What in the world just happened?


You were triggered into re-living the physical, emotional and energetic experience of some unhealed painful event or trauma from your past. You have just experienced the wound of your inner child.

Many women have learned how to pull themselves out of these trauma triggers and go on functioning in their lives, at least outwardly. We pick ourselves up and dust ourselves off and keep moving forward. We may shake our heads, and brush it off, or talk or laugh about what happened with our girlfriends.
But is the trigger really finished? And is the trauma and its effect really done? Are you really over it?
Trauma can happen throughout a woman’s life, including before you were born. Even trauma in previous generations can affect you. And just because a traumatic event or experience is in the past, that doesn’t mean it is over.

We’ve learned a huge amount about trauma and its lingering impact in the last 30 or so years. Before I share some of what we have learned, particularly about the effects of unhealed childhood trauma in adult life, first it is good to clarify what trauma is, since using this word has become fairly common in everyday conversation.

What is Trauma?

“Trauma is more than challenges, obstacles or set – backs. Trauma is different than learning through contrast or experiencing opposites. Trauma happens whenever the body-mind perceives being in a situation of life-threatening danger; this includes physical as well as emotional or psychological danger or threat.
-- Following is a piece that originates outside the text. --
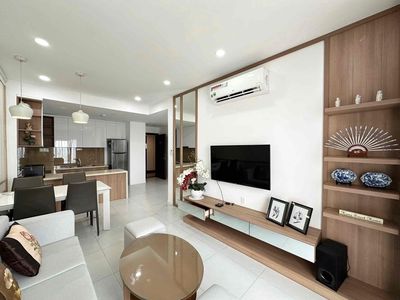 Căn góc 2 phòng Botanica Premier đầy đủ tiện nghi 74m2 5 tỷ nhận nhà. Mua bán căn hộ/chung cư tại Quận Tân Bình Tp Hồ Chí Minh được đăng bởi Nguyễn Thị Thuý Ngân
This is an intentionally broad definition, and includes directly experiencing this danger, as well as witnessing it. Trauma includes experiences such as natural or human-caused disasters, war, child abuse or violence, as well as emotional or psychological danger, such as emotional or psychological abuse or neglect, loss of a spouse, parent or important loved one through death or divorce. It can include the loss of a pet or moving .

Anything that is experienced as life-threatening danger or loss of safety or security can be experienced as trauma.

The Trauma Response

“When these kinds of experiences happen, the fight/flight/freeze stress response kicks in and the body is mobilized to get into action – QUICKLY – for safety’s sake.

  • Pulse, breathing rate and blood pressure increase.

  • Blood flow shifts from the cerebral cortex to the limbic brain - (from the thinking brain, to the emotional, reactive brain.)

  • Blood flow shifts from internal organs to arms and legs.

  • Muscles tense and prepare for action.

  • Digestive, immune and reproductive systems slow down.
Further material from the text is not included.